Instructions to follow
Retype the entries below exactly, but begin at the line containing "Hex Dumbbells Rubber" and end at the last line.

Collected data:

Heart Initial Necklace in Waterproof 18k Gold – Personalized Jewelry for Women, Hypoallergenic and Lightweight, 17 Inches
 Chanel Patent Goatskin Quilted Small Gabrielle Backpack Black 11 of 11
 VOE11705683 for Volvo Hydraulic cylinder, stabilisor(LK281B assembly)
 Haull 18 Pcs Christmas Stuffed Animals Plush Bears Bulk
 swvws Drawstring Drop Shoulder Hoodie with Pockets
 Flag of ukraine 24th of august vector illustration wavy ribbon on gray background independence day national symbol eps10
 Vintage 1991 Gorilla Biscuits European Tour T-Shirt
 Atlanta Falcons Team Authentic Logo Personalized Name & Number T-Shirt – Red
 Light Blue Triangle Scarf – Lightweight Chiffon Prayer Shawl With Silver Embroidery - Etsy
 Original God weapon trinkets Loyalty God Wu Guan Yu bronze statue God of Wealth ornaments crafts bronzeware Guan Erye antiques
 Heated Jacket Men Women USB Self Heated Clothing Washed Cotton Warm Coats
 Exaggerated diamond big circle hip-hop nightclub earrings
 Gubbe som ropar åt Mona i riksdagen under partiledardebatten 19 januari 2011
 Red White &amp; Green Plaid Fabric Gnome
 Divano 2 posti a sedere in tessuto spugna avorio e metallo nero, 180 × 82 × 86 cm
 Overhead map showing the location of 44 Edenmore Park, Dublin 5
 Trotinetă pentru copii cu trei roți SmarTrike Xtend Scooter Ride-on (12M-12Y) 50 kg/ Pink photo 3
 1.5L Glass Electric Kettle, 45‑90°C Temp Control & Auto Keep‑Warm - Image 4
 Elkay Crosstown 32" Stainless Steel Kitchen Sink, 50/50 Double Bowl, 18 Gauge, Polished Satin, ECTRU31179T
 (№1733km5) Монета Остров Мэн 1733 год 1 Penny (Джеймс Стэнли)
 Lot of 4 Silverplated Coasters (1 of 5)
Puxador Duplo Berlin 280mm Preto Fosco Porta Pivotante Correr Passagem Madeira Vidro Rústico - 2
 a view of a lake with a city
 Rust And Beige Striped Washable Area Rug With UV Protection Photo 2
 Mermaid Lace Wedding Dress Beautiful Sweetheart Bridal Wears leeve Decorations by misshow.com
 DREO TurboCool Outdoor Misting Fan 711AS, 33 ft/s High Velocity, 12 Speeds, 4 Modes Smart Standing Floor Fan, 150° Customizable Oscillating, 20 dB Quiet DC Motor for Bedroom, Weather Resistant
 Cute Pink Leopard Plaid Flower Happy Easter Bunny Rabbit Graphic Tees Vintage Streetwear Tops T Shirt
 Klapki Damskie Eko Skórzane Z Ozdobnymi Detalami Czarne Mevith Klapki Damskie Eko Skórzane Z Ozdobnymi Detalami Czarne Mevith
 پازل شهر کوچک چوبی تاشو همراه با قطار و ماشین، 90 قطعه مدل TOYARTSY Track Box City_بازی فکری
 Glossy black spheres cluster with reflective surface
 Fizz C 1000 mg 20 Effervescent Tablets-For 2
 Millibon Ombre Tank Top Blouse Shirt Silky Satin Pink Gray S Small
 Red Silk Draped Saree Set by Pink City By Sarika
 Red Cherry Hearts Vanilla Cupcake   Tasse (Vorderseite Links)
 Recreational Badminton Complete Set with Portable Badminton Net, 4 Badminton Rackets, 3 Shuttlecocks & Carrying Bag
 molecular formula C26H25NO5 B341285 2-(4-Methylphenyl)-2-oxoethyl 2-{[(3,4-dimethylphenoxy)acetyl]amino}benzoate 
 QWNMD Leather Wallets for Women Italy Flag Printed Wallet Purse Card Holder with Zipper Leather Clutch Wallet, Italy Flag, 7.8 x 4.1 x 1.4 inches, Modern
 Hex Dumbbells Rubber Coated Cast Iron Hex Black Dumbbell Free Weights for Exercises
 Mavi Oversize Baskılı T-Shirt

Exercise output
 Hex Dumbbells Rubber Coated Cast Iron Hex Black Dumbbell Free Weights for Exercises
 Mavi Oversize Baskılı T-Shirt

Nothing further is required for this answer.